> What to work on: The answer is to be an exact copy of the lines below running from the line with "Kalung Cherry Wanita" down to the line with "SHIPS Colors(シップス カラーズ)の「【WEB限定】SHIPS", both ends included, and nothing more.

> Given data:

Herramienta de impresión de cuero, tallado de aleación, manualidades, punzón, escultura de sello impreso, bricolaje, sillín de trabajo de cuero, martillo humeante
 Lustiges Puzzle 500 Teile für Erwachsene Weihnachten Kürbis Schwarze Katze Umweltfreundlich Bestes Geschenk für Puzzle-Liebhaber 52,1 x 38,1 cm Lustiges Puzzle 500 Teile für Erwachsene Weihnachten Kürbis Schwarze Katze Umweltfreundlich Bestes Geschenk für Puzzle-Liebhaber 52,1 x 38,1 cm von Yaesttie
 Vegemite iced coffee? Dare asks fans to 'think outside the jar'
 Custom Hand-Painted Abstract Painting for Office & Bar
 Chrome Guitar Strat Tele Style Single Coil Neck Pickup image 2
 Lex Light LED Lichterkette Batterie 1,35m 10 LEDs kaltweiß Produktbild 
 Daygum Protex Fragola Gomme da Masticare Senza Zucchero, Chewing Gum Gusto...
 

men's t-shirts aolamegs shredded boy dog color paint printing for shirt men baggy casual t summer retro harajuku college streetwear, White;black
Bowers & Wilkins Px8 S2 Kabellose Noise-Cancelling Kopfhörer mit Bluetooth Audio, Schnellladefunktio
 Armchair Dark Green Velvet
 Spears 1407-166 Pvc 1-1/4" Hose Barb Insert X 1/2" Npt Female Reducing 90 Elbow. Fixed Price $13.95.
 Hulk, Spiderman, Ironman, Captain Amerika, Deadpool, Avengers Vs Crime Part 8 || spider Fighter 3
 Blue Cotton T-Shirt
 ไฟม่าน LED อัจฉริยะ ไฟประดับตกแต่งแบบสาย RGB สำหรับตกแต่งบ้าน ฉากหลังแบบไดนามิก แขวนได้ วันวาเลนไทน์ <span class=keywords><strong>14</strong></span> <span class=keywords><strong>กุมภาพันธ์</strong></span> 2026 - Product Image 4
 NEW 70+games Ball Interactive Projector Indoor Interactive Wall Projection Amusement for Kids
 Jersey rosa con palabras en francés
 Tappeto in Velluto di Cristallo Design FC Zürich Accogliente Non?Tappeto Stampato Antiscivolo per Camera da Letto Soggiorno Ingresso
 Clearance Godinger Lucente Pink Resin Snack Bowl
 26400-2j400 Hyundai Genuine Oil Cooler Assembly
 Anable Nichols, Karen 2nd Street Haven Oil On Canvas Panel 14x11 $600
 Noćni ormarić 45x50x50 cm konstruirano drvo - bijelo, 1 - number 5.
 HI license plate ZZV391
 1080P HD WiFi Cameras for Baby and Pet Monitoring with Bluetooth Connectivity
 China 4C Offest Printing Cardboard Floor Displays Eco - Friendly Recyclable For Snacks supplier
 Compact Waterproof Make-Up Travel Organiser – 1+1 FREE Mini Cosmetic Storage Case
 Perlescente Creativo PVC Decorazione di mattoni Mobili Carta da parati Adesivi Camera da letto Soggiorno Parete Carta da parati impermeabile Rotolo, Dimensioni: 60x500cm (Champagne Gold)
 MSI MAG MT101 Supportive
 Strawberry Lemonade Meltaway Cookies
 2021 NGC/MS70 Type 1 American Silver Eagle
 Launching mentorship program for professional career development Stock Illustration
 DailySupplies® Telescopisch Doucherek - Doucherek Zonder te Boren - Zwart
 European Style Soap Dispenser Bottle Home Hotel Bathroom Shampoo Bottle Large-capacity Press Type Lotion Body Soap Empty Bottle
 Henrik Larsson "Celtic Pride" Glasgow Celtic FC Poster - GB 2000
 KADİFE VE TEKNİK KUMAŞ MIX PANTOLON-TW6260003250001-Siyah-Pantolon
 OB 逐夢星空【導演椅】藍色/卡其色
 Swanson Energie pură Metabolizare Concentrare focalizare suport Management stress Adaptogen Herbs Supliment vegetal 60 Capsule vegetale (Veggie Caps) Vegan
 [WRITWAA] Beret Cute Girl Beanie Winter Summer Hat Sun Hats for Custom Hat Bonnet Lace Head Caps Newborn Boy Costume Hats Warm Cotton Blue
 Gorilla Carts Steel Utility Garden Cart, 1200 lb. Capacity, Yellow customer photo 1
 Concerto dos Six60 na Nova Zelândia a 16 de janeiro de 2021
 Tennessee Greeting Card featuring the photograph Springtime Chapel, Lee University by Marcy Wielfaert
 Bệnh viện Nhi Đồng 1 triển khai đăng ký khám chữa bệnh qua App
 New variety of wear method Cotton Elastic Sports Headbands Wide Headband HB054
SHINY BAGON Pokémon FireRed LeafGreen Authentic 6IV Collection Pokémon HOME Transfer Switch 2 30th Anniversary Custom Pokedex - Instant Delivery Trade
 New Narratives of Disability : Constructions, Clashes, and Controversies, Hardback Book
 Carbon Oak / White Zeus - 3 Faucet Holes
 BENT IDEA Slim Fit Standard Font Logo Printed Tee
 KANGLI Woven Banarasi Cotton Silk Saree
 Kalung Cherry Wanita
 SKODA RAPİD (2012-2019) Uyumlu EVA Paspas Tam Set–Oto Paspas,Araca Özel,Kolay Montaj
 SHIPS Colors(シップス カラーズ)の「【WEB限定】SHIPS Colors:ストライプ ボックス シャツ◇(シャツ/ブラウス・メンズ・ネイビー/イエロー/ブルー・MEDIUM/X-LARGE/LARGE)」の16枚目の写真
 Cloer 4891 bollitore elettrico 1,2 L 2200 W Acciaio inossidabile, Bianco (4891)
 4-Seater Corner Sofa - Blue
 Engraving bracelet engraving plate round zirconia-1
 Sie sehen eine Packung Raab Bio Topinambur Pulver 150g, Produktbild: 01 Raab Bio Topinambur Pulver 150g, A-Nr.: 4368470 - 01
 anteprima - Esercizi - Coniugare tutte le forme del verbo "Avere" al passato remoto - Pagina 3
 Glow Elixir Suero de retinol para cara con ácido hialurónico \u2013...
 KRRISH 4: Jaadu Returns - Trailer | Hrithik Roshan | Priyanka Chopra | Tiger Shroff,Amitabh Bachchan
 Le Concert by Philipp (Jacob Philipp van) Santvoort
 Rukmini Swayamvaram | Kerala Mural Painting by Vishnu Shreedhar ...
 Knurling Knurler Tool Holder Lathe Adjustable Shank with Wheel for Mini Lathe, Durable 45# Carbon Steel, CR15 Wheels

> Completed exercise:
 Kalung Cherry Wanita
 SKODA RAPİD (2012-2019) Uyumlu EVA Paspas Tam Set–Oto Paspas,Araca Özel,Kolay Montaj
 SHIPS Colors(シップス カラーズ)の「【WEB限定】SHIPS Colors:ストライプ ボックス シャツ◇(シャツ/ブラウス・メンズ・ネイビー/イエロー/ブルー・MEDIUM/X-LARGE/LARGE)」の16枚目の写真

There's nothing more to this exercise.